▸ Exercise objective
Give back exactly the lines from the one that holds "Picture of 114" through the final line of the data; omit the pictures and add nothing.

Stored data

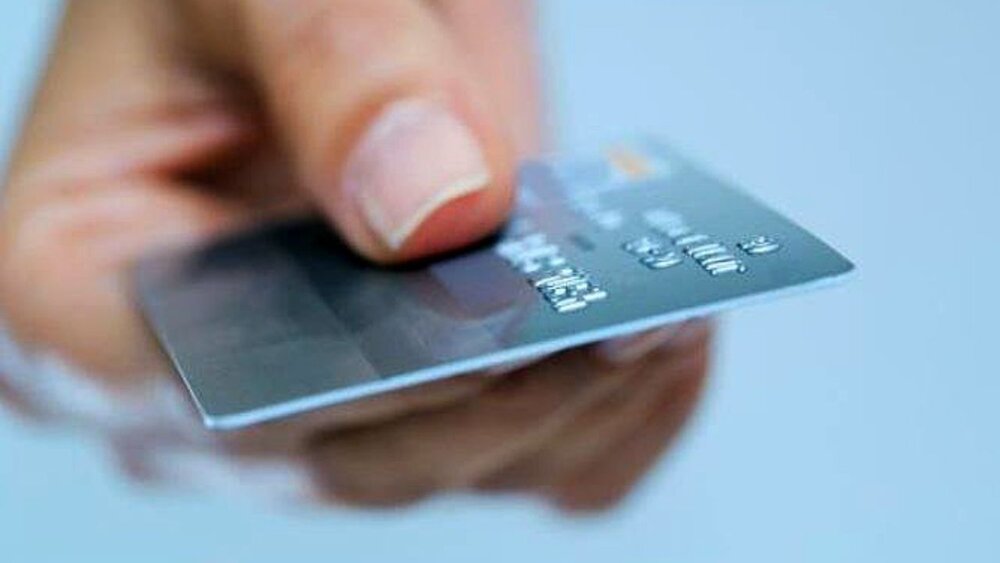 کارت برجسته بانکی برای نابینایان صادر می شود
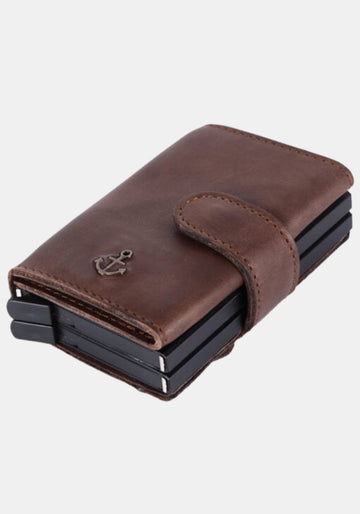 Schrägansicht der geschlossenen Geldbörse Robin 2 in Chocolate Brown – Blick auf das Anker‑Emblem und den Druckknopfverschluss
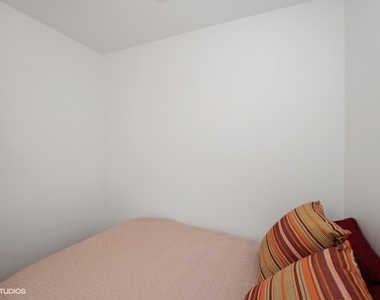 653 N Kingsbury Street - Photo Thumbnail 6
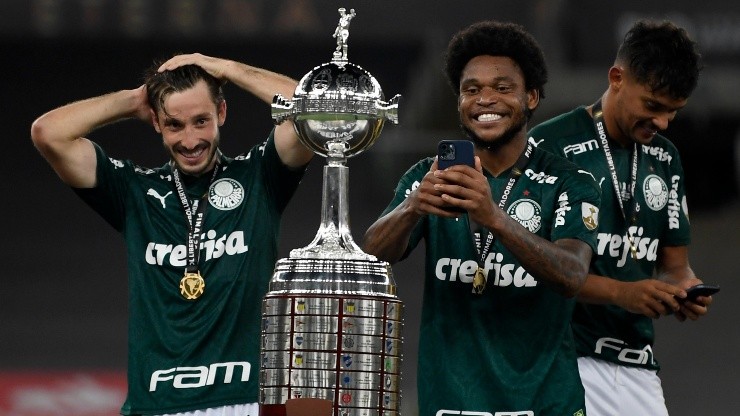 Palmeiras deberá defender su título ante la UC en los octavos de final.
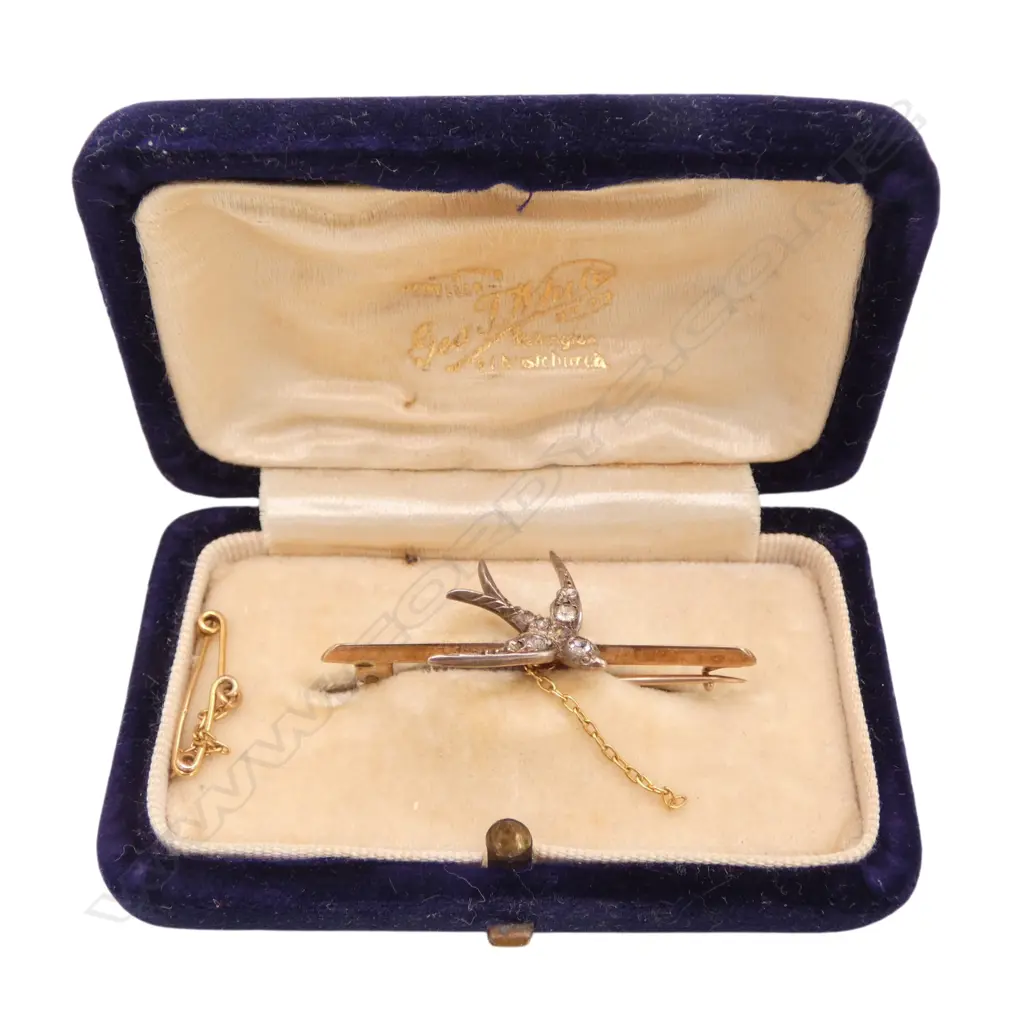 EDWARDIAN GOLD & MINE CUT DIAMOND SET SWALLOW BAR BROOCH 3gms Image 1++
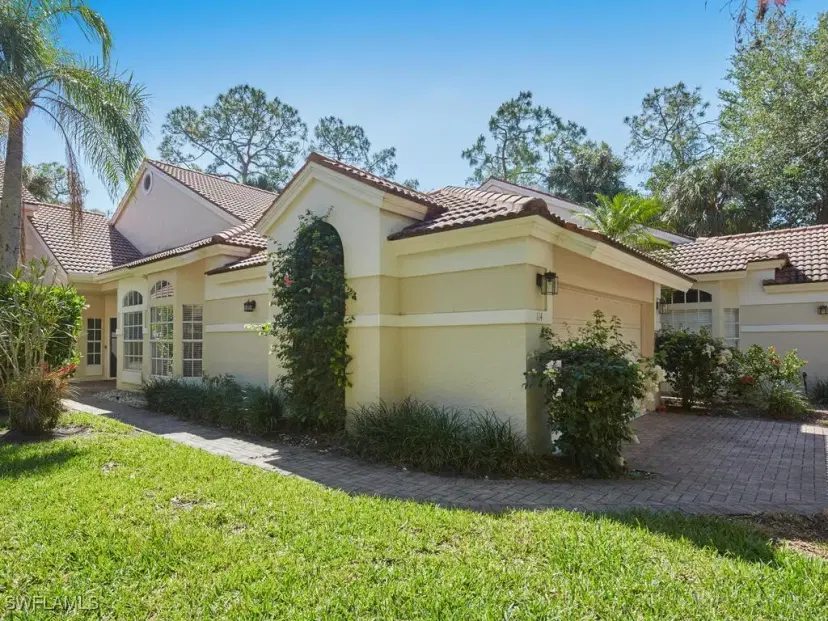 Picture of 114 Amblewood Ln 9-903, Naples FL 34105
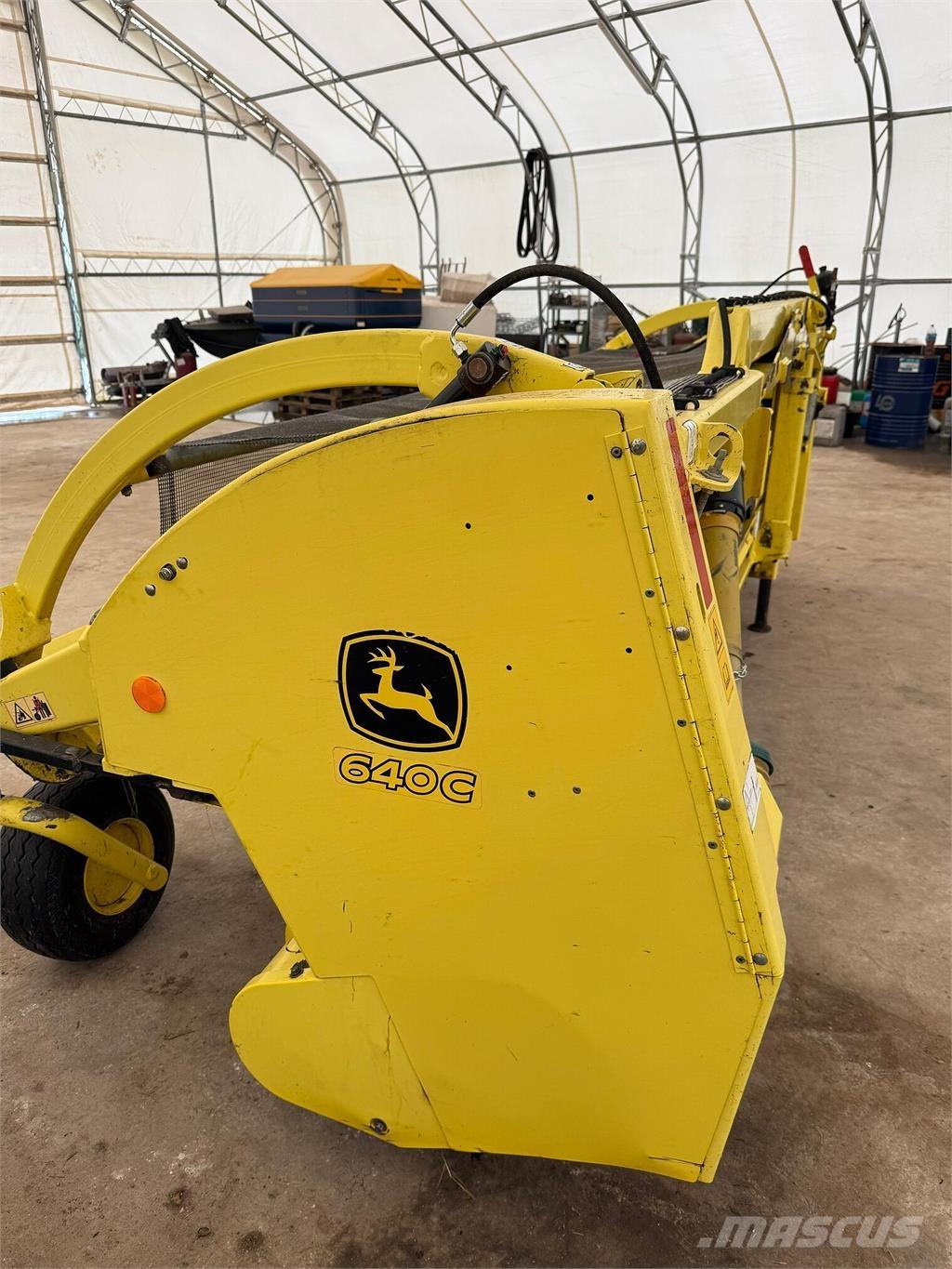 John Deere 7380 Прицепные кормоуборочные комбайны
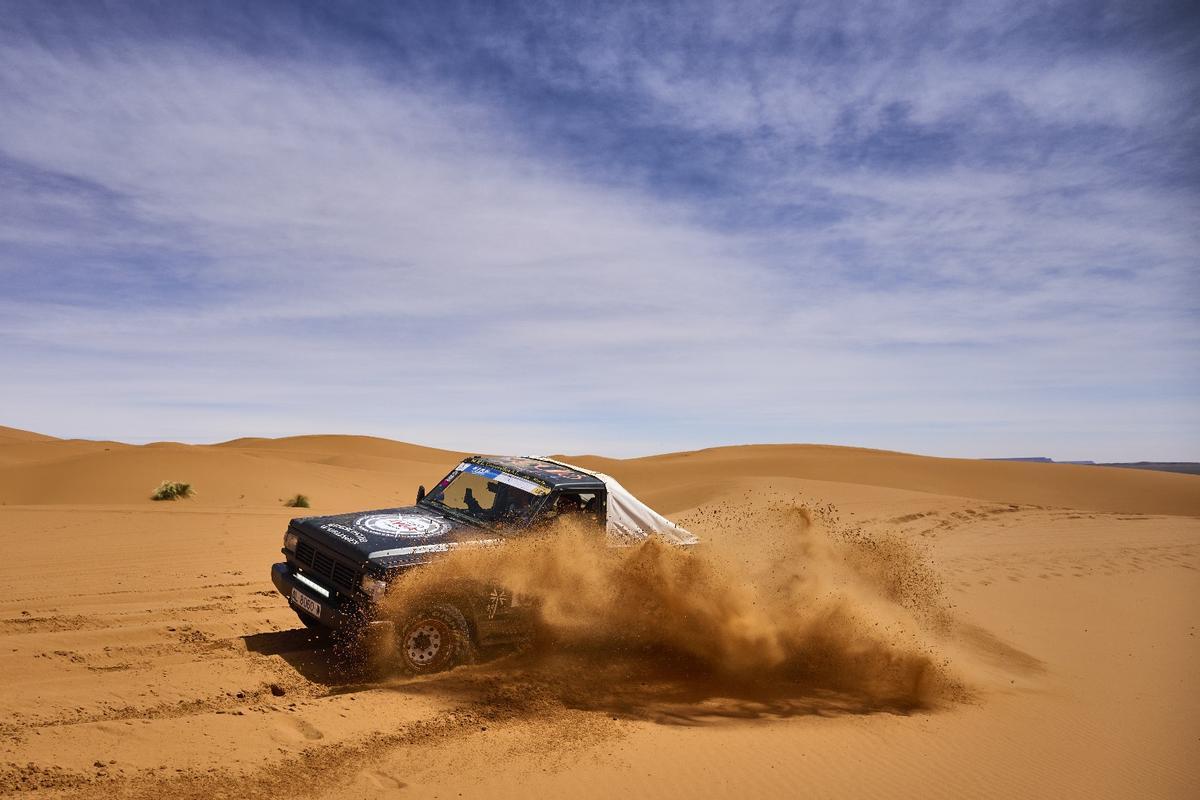 El equipo alicantino en una de las etapas en el desierto del Sahara.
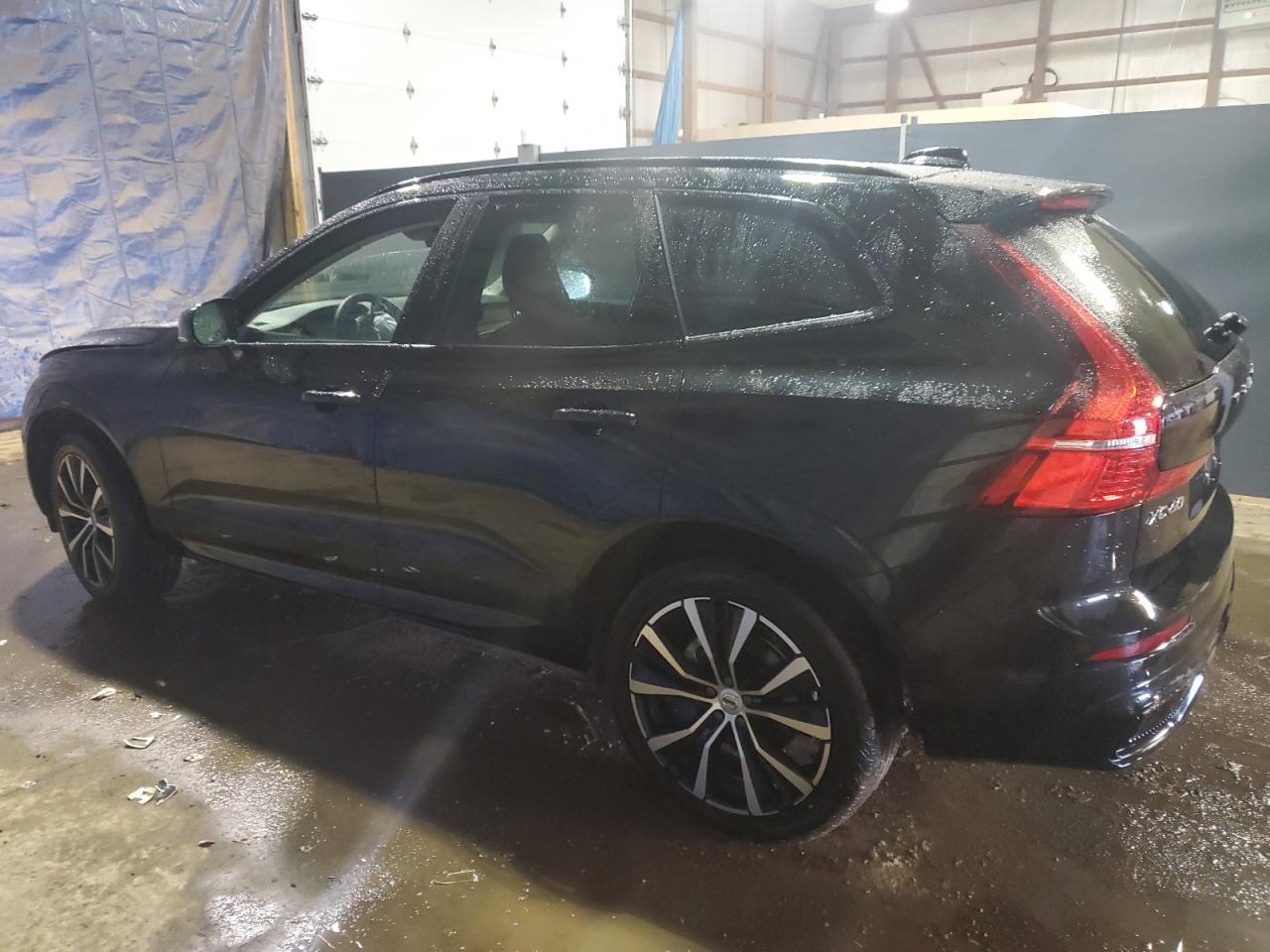 Изображение 2 2024 VOLVO XC60 PLUS 2024 с VIN YV4L12RL1R1776726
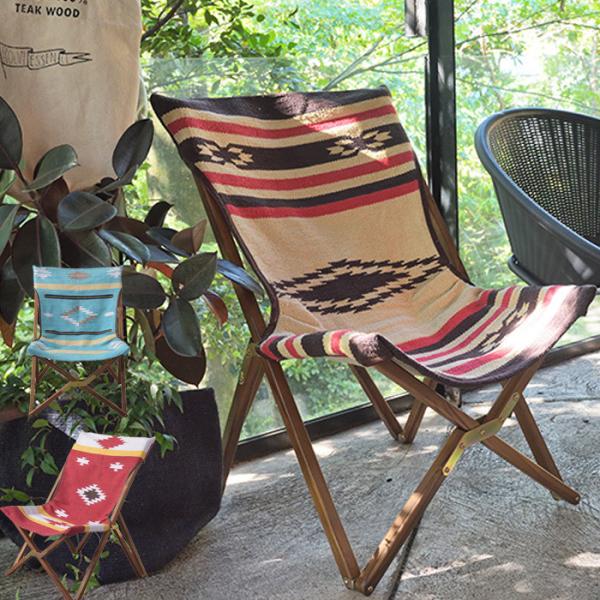 送料無料】折りたたみチェア ネイティブ柄 アウトドア 木製・メール便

▸ Exercise solution
 Picture of 114 Amblewood Ln 9-903, Naples FL 34105
 John Deere 7380 Прицепные кормоуборочные комбайны
 El equipo alicantino en una de las etapas en el desierto del Sahara.
 Изображение 2 2024 VOLVO XC60 PLUS 2024 с VIN YV4L12RL1R1776726
 送料無料】折りたたみチェア ネイティブ柄 アウトドア 木製・メール便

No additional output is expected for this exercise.